I first read Pearl S Buck's splendid novel in my ninth grade history class, and I enjoyed every thrilling page of it. It was almost inevitable that Hollywood would get hold of it, and considering that it was made in 1937, the results are excellent.
Certain things have to be accepted: in 1937 there was no question of casting Asian actors in a major Hollywood film. In a way this renders the end product rather more interesting than if they had been able to use a more authentic-looking cast.
With that obstacle to overcome, executive producer Irving Thalberg and director Sidney Franklin (among others) took the trouble to hand-pick a splendid and stellar cast. Paul Muni plays Wang Lung. Muni was at the peak of his powers as an actor during this period, and could very nearly play anything he put his mind to. Once you get past the makeup (it's good, but no one is going to really mistake him for a Chinese man), his performance has all the verisimilitude of his best work.
Then there is Luise Rainer. Coming off an Oscar win the previous year for her performance in THE GREAT ZIEGFELD, the Viennese actress's star was on the rise and she was given the plum role of O-lan despite her lack of experience in Hollywood. Her performance won her a second consecutive Oscar, the first time in history that happened.

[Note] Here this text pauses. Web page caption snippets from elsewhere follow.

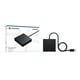thumbnail image 4 of Adaptador PlayStation PC VR2, 4 of 4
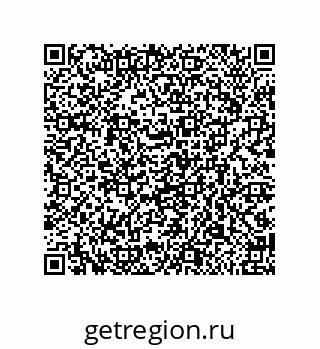 79658199199
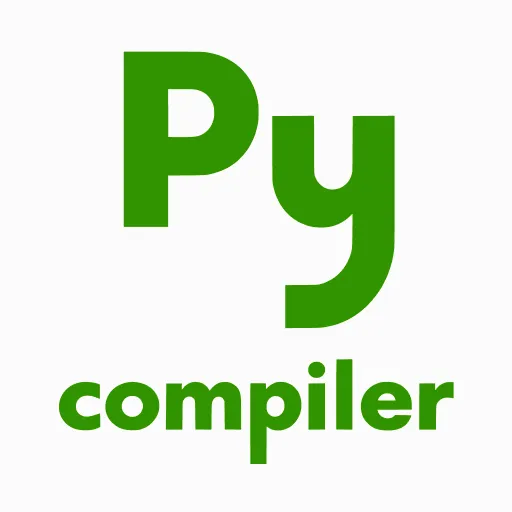 Python��̴�ʦv1.0.0 ��׿��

Much criticism has been leveled at Rainer's performance, and her Oscar win here. She has been called wooden and one-note. There is a small grain of truth in that. HOWEVER, that being said, all you need to do is go back to the book. For Rainer, though not Chinese, played O-lan pretty much as Buck wrote her; it is in fact a splendid performance, and one of the best transfers from book to screen I have ever witnessed.
As for the rest of the cast, well this was MGM. They had the biggest roster of stars and character actors in Hollywood at the time, and a big budget to pay for the best, and in the end they got the best.
The film softens Wang Lung's marriage to O-lan somewhat. In the novel, with wealth come the lusts of the flesh and he takes on a concubine, a move which devastates his wife but her feelings as a mere woman do not concern him. In the film, a contrite Wang Lung returns to his wife on her deathbed the two pearls he had taken from her years before, realizing too late that she was his true love.
Corny, yes. But that's Hollywood. Considering the obstacles they were up against, the film might well have opened to screams of laughter. But despite the noticeable dearth of real Asians in the cast, this film has worn surprisingly well with the passage of seventy-three years. In fact the most amazing thing about this film is how good it is, when it might so easily have been a disaster.